Entertainment

'Fargo' Goes The Prequel Route For Season 2

by Jefferson Grubbs

Sometimes to go forward, you must go back. That sentiment certainly applies to FX's crime anthology Fargo, which finds itself traveling back in time for its sophomore season. Anthologies are more popular than ever these days, thanks to not only Fargo but also HBO's True Detective, ABC's American Crime, FX's American Horror Story, and the upcoming American Crime Story. But with so many anthologies out there all employing slightly different variations on the format, one never quite knows where one stands when returning for a new season. How does Fargo Season 2 connect to Season 1? Will there be any of the same actors? Will there be the same characters, the same location, the same time period? Or will absolutely everything be totally different?

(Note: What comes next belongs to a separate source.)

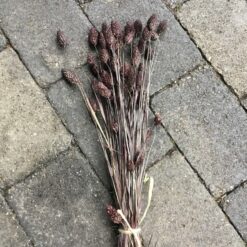 Brun dekorativ tørrede Phalaris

Unlike most anthology series, Season 2 of Fargo will take place entirely within the same world as the first. Whereas Season 1 took place in the very recent past — 2006, to be exact — the new batch of episodes will rewind the clock 27 years. When Season 2 premieres, viewers will find themselves in 1979, just a few years after the end of the cataclysmic Vietnam War. And while Season 1 was located mostly in the northern city of Bemidji, Season 2 will shift the action to the small town of Luverne, right in the southwestern-most corner of the state, right across the border from Sioux Falls, SD.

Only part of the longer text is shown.